---------- Available records

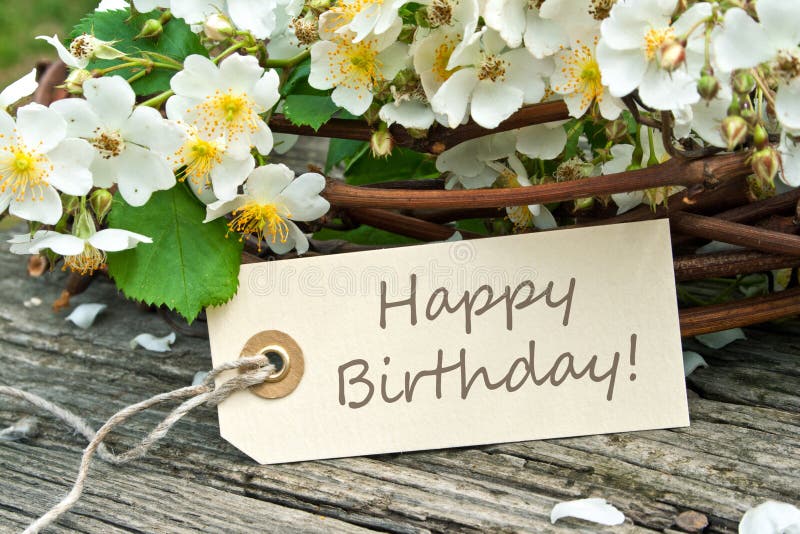 Happy birthday stock image. Image of greeting, design - 31353109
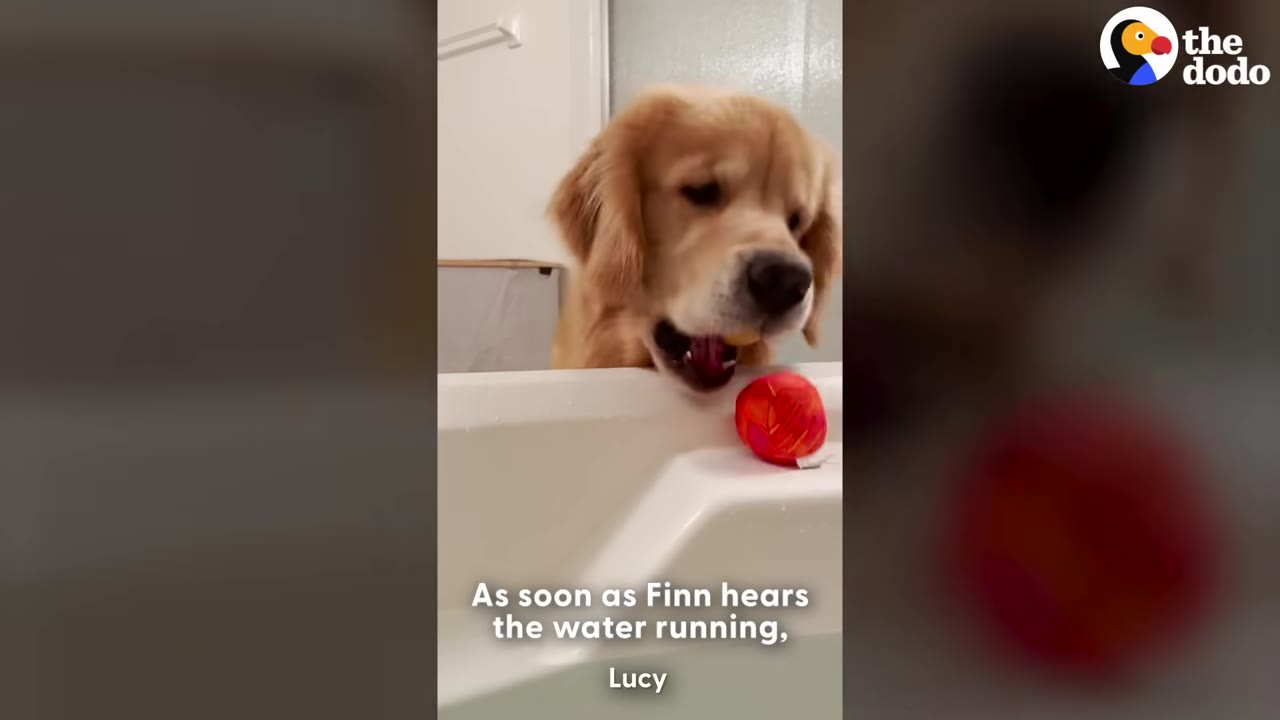A golden retriever looks over the edge of a white bathtub at a red ball resting on the ledge.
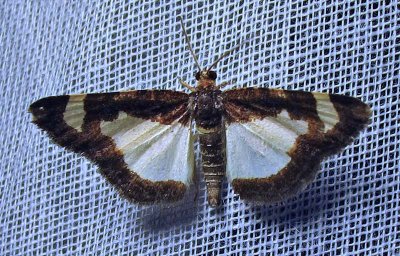 Heliomata cycladata - 6261 - Common Spring Moth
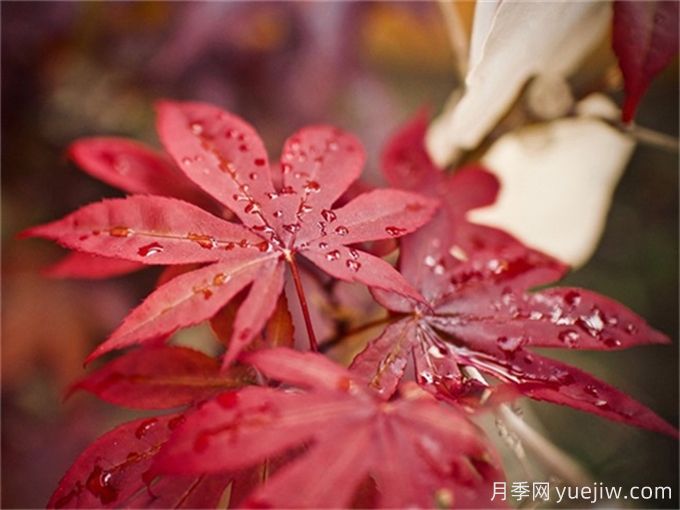 三角楓、五角楓、元寶楓、雞爪槭、紅楓的區(qū)別(圖4)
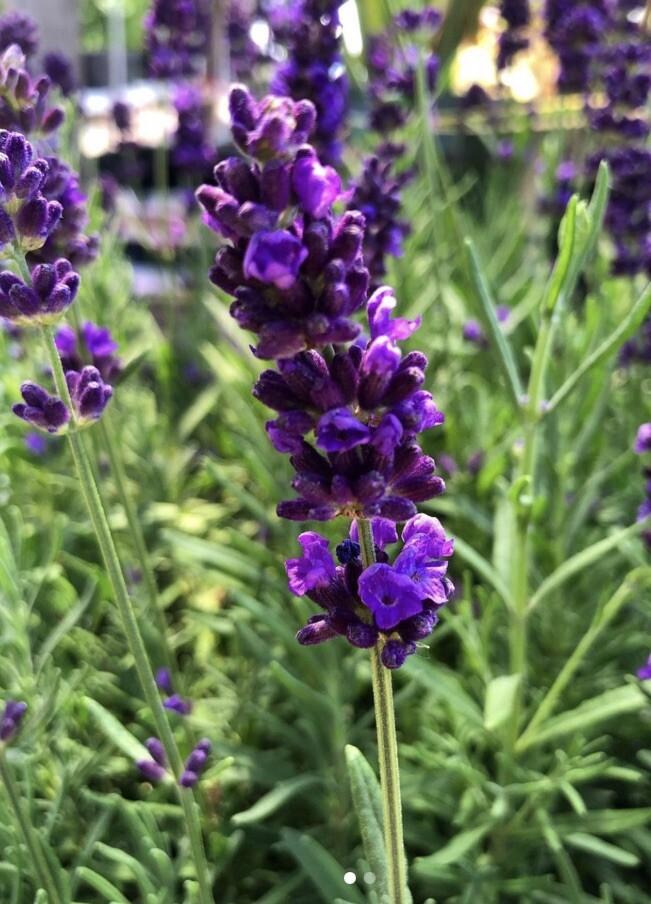25 Organic Lavender Seeds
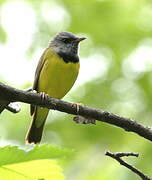 Mourning Warbler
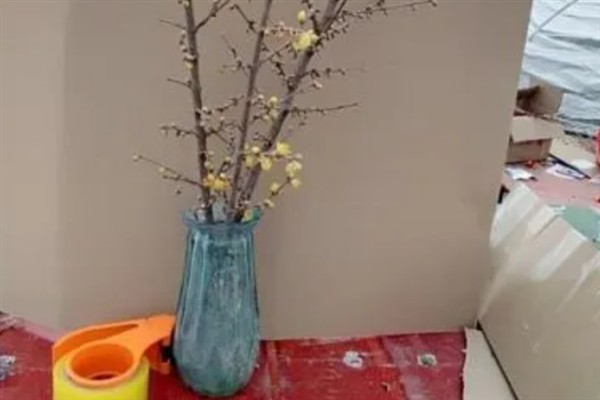 干枝梅怎么水培，每隔3天换一次水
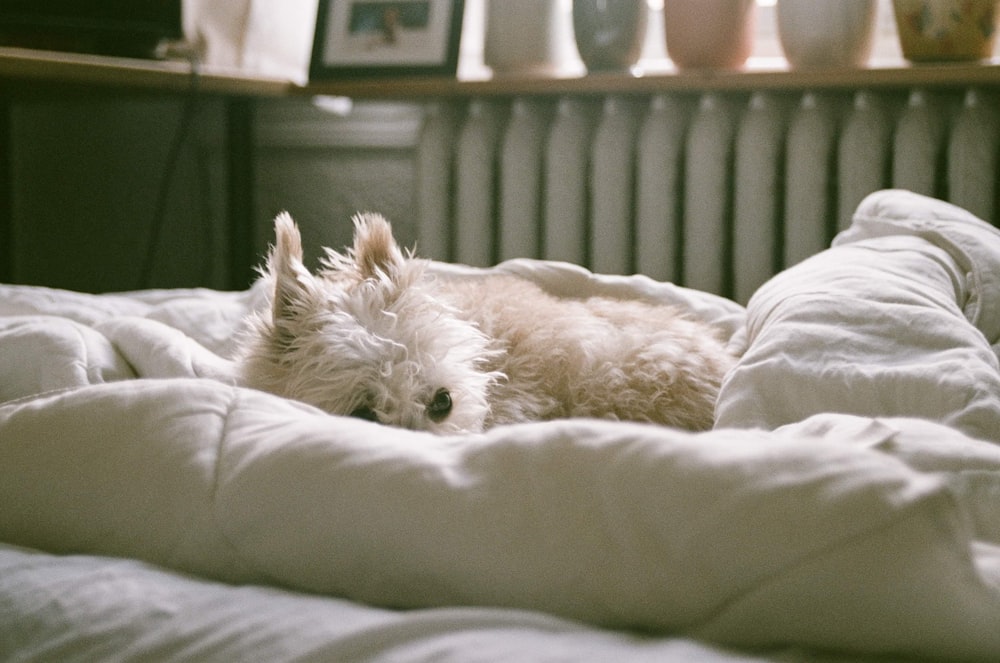white dog on bed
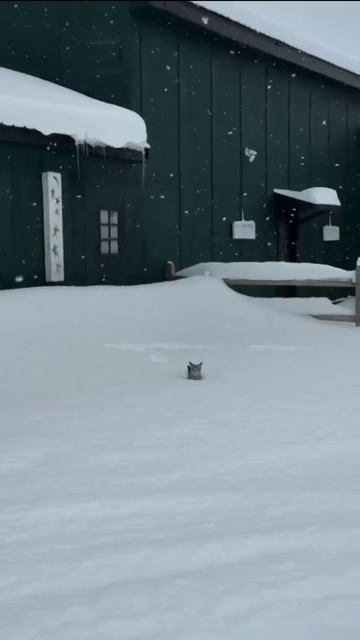 Снега достаточно смотреть онлайн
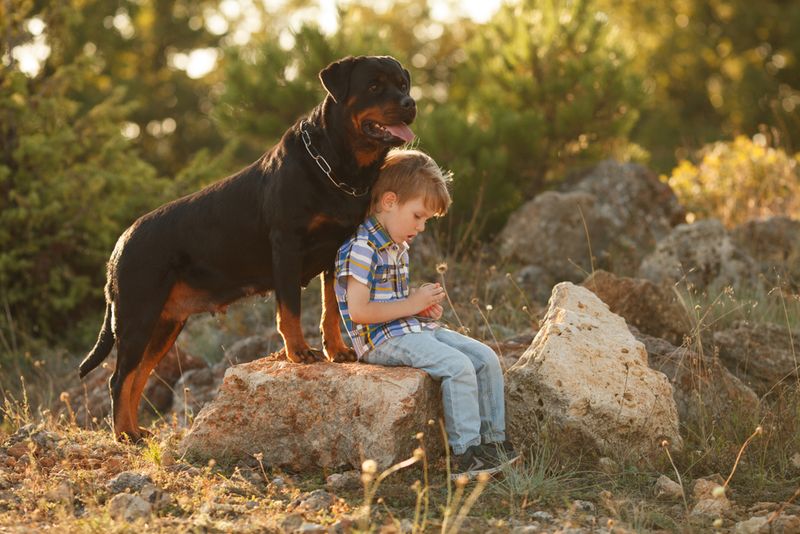 Fierce Loyalty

--------------------

## Work task
Each record is to be written out exactly. No picture goes in.

## Solution for this exercise
 Happy birthday stock image. Image of greeting, design - 31353109
A golden retriever looks over the edge of a white bathtub at a red ball resting on the ledge.
 Heliomata cycladata - 6261 - Common Spring Moth
 三角楓、五角楓、元寶楓、雞爪槭、紅楓的區(qū)別(圖4)
25 Organic Lavender Seeds
 Mourning Warbler
 干枝梅怎么水培，每隔3天换一次水
white dog on bed
 Снега достаточно смотреть онлайн
 Fierce Loyalty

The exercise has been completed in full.